Posts Tagged 'crime'

Looking for Bad Guys III: Using manipulation

Bad guys who are aware the knowledge-discovery tools will be used to look for them may also try to actively manipulate the process to their own advantage.

One way to do this is to get an insider working for them, someone who can alter the data or the results of the analysis to this benefit. This is probably the most common method: over all of history, probably more sieges have been successful because someone opened the gates from the inside than because the walls were broken through. It’s easy to get caught up in the cleverness of technology and forget that sometimes suborning someone is the easiest attack.

However, the focus of this blog is knowledge discovery, so let me concentrate on that. Before we talk about how manipulation can be exploited as a discovery tool, we need to talk about what manipulation looks like; and before we can do that, we need to think about the structure of the knowledge-discovery process.
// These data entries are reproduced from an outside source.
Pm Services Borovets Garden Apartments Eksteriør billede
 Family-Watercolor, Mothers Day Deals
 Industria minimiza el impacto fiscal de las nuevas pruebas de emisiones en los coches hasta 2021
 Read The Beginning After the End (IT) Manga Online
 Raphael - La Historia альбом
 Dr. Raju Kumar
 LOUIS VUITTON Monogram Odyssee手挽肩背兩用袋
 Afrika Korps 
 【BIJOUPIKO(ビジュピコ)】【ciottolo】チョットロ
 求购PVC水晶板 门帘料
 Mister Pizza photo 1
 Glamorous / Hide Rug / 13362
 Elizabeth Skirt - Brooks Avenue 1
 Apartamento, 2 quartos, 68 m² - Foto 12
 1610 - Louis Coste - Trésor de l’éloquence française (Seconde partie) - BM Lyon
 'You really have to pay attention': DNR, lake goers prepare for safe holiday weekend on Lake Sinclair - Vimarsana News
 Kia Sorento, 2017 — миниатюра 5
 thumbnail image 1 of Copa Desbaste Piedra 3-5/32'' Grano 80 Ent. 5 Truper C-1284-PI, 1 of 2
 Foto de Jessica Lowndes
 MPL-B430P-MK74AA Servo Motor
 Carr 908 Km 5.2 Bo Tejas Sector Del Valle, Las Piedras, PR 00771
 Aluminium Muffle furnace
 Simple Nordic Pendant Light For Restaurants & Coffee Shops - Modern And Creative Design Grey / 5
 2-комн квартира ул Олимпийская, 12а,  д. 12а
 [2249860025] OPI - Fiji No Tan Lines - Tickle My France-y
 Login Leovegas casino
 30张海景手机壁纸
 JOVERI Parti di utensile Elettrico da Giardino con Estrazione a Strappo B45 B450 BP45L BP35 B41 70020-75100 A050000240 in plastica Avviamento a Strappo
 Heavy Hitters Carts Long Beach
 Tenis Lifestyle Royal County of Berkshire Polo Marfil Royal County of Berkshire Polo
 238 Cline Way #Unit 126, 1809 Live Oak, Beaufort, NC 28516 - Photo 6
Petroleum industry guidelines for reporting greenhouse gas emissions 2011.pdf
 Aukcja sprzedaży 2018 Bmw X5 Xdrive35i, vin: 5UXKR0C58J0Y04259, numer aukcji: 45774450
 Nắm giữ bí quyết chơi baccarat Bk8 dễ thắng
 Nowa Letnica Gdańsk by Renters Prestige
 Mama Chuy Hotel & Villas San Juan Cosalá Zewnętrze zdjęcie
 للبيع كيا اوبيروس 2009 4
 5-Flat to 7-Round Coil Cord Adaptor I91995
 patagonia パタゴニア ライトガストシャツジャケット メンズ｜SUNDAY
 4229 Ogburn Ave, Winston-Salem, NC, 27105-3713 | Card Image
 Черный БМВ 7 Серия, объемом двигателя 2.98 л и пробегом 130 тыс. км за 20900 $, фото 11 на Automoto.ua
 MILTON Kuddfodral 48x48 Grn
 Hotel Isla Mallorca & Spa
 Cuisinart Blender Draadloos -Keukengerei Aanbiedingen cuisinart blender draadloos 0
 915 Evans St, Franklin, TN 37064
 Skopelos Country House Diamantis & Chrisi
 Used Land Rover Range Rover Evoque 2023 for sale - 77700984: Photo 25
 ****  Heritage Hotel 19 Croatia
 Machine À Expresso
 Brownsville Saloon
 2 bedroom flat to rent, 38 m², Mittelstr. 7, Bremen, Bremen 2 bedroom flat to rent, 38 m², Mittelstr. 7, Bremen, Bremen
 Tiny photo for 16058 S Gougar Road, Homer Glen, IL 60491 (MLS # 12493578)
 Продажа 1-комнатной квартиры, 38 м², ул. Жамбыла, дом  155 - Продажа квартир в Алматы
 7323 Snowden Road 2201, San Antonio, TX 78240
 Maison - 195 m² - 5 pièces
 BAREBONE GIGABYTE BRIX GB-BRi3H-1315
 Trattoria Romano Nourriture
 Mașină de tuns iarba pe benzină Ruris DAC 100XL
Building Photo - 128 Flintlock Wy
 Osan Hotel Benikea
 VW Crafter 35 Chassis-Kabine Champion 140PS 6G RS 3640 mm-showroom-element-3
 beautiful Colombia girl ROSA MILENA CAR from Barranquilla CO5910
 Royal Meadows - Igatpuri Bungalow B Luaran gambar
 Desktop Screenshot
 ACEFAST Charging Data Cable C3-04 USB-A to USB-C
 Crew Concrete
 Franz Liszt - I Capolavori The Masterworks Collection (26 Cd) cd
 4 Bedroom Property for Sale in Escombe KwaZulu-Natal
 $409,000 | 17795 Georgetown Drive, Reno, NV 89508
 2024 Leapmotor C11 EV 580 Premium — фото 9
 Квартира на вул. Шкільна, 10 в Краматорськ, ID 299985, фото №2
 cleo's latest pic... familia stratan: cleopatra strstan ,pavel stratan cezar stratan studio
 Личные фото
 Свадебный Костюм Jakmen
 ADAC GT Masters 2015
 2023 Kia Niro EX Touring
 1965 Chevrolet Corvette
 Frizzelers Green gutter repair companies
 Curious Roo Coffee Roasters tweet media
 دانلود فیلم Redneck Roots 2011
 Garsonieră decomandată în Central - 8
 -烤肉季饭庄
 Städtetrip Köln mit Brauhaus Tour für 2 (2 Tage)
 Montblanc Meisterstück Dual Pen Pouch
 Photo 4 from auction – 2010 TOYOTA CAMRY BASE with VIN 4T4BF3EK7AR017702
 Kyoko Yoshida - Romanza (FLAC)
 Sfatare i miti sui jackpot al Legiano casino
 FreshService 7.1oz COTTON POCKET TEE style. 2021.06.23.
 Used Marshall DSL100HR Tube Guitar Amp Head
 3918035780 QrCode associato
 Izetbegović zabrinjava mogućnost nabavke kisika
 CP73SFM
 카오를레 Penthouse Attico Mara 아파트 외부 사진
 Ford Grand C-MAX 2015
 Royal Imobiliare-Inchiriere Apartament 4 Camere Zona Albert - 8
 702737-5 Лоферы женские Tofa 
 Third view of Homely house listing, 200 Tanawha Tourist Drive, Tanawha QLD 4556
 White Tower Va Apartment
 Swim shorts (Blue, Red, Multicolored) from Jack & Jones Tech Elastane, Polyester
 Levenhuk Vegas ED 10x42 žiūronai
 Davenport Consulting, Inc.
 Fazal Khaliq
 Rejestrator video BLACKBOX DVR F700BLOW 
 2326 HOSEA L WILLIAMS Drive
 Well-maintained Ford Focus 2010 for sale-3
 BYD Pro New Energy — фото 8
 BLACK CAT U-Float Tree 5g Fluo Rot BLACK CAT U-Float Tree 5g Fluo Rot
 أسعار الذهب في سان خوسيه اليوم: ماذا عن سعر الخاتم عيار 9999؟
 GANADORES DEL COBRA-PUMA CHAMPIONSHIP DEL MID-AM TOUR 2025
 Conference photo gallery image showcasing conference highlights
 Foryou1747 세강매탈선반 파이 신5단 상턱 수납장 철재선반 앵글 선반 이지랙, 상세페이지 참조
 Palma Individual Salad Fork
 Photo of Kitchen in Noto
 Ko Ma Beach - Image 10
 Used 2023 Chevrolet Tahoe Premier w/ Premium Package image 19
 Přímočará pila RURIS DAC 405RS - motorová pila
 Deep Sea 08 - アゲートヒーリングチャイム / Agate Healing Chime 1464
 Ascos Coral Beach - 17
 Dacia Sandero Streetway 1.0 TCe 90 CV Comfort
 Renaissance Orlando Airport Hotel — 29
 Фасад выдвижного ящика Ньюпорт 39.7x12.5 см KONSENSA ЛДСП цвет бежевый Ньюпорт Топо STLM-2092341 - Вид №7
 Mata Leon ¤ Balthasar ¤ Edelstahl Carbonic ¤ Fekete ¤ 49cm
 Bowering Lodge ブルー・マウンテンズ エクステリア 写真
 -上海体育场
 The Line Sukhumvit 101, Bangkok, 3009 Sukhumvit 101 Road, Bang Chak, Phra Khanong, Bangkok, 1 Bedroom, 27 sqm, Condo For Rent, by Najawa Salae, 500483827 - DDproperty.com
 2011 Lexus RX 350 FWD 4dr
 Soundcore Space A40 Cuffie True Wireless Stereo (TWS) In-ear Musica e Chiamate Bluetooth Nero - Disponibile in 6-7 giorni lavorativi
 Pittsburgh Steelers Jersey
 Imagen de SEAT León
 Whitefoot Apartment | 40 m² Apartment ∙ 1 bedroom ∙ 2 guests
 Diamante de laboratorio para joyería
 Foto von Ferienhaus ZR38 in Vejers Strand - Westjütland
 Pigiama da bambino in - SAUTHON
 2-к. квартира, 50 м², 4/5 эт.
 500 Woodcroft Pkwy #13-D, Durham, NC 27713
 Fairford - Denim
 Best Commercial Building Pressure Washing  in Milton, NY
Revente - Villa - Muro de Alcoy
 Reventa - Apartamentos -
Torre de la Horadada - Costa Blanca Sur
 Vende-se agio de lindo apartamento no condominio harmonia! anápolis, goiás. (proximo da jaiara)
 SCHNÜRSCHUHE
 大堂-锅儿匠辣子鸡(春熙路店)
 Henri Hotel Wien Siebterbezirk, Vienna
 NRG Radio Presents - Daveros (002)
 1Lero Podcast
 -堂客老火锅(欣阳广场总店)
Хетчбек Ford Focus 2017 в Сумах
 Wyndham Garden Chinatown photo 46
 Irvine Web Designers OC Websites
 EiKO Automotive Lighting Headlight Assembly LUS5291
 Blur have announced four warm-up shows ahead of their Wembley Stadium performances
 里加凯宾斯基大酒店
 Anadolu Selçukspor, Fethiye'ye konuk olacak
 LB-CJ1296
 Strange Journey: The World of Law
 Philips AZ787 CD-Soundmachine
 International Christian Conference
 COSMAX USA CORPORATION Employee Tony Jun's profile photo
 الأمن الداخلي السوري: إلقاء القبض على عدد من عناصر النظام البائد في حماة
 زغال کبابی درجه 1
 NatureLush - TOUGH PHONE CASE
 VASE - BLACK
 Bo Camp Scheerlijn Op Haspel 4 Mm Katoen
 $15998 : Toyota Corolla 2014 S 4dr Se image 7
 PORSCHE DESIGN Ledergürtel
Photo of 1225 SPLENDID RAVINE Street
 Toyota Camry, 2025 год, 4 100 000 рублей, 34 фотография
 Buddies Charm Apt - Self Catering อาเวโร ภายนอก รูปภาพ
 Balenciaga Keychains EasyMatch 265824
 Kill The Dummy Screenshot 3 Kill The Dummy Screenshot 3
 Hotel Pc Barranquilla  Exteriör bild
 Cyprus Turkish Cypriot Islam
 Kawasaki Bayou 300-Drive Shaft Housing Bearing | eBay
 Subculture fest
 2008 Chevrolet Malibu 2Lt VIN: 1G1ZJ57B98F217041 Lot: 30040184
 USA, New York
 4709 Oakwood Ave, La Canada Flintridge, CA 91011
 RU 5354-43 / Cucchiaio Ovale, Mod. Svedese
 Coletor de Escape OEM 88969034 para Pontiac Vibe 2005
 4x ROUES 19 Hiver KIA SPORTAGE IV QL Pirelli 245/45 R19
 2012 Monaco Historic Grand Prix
It’s helpful to divide up the stages of knowledge discovery into:

  1. Collecting the data (CCTV images, transaction logs);
  2. Analysing the data (the part that’s usually thought of as the heart of knowledge discovery);
  3. Deciding on what to do with the results and taking action;

Although an adversary can only attack the process via the data that is collected (assuming they don’t have an insider), it is helpful to think of three different kinds of attacks, directed against each of the three stages. The different attacks require understanding different aspects of the knowledge-discovery system.

Manipulating the data collection stage is probably the easiest, because it’s often possible to see and understand how the data is being collected. For example, the fields of view of CCTV cameras can usually be inferred from their positions (even if they are enclosed in black plastic bubbles) and so ways to move around them without coming into view can be worked out. Alternatively, disguises can be used to conceal who is being seen, even though an image is captured. One of the reasons identity theft is a big business is that it provides a way to have data captured about you, but data that is useless because it doesn’t connect to the real you.

Manipulating the decision and action stage is done using social engineering. This means trying to create the impression in the minds of the people who are making the decisions and taking the actions that the analysis system has made an error.

Manipulating the analysis stage is surprisingly easier than it should be. This is because most knowledge-discovery technology has been tuned to give good results in data with natural variation. This gives an opportunity to insert data that is the worst possible from the point of view of the algorithms, and so enable bad guys to hide their traces.

The technology used for knowledge discovery needs to be completely rethought to take manipulation into account. This is primarily why adversarial knowledge discovery is not just another application of knowledge discovery, but a completely different problem.

The good part about this is that attempts at manipulation also create an abnormal signature in the data; and the process can be tuned to look for this signature as well.

What this blog is about

All of us leave traces in the data that we create, either intentionally or as a side-effect of the things we do in the world — walking in front of a CCTV camera, turning on a cell phone, or whatever.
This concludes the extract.